Friday, July 2, 2010

Son of Hamas by Mosab Hassan Yousef

Son of Hamas: A Gripping Account of Terror, Betrayal, Political Intrigue, and Unthinkable ChoicesThis one is so topical, I'm bumping another post to move it into this week's lineup. I was out on the blogosphere a few weeks ago, and saw a bit about Yousef, recommending his book, so I put it on hold at the library and it showed up last week. I was about 2/3 of the way through it yesterday when I was watching Fox News and saw that Yousef won his battle with INS, who were trying to deport him because of his ties to Hamas. Ironically, Yousef was a spy within Hamas for the Shin Bet, an Israeli security service, and our immigration folks wanted to send him back to Palestine to be tortured, shot, or both.

Yousef shares an insider's perspective on the conflict in Palestine that might help some of us understand why this conflict drags on for generations. The writing, at least in the first half of the book, is not all that gripping. Perhaps language problems, or just bad editing by his collaborator, make his work sound like an elementary school student's "How I spent my summer vacation in Hell" essay. Mosab is the son of Sheik Hassan Yousef, a founding leader of Hamas, and he grew up under the oppression of Israeli occupation, quite bitter about the Palestinians situation. In his late teens, he grew more angry and active in the violent resistance movement, eventually being arrested by the IDF, and spent several months in prison being tortured and interrogated.

While he was there, the Shin Bet attempted to recruit him, but he was initially reluctant. He describes his experiences in the Hamas area of Megiddo prison, and it's interesting to note that the Hamas leaders there treated their people worse than the Israeli jailers did, often torturing suspected informants who were merely weak, socially unacceptable, or who came from poor families. As the son of a sheik in Hamas, Mosab was mostly immune to this sort of treatment, but seeing it happen began to open his mind a crack, questioning Hamas and Islam. He began to meet with the Shin Bet on a regular basis shortly after being released from prison.

Several months later, Mosab was invited to a bible study group which met at the King David Hotel in Jerusalem. He was, in his own words "a little bored" so he decided to go and learn about Christianity. He began to study the New Testament the people there gave him, and began to be excited about the teachings of Jesus, though he wouldn't actually become a Christian for quite some time. As he tried to integrate what he was learning into his own cultural background, he came to believe that the occupation was not the source of the Palestinians' troubles, and that even if Israel was removed from the picture, they would continue to fight with each other for sex, power and money.

Mosab talks quite a bit about the corruption of the Palestinian Authority under Arafat, and the duplicity in its dealings with Israel and the West.

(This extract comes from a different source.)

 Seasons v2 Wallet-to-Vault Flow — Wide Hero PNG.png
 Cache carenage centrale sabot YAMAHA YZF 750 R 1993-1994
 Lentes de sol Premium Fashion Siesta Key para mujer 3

For the next five or six years, through the Intifadas, he provided information about the activities of Hamas to the Shin Bet, trying to help to stop the rampant attacks against civilians and suicide bombings, providing information that would lead to the capture or assassination of  many leaders within the movement. Eventually, he tired of leading a double life, and applied for permission to leave the country and come to the United States, where he remains today.

Interesting reading, all in all, and the writing improves in the latter half of the book. Definitely worth the time to read.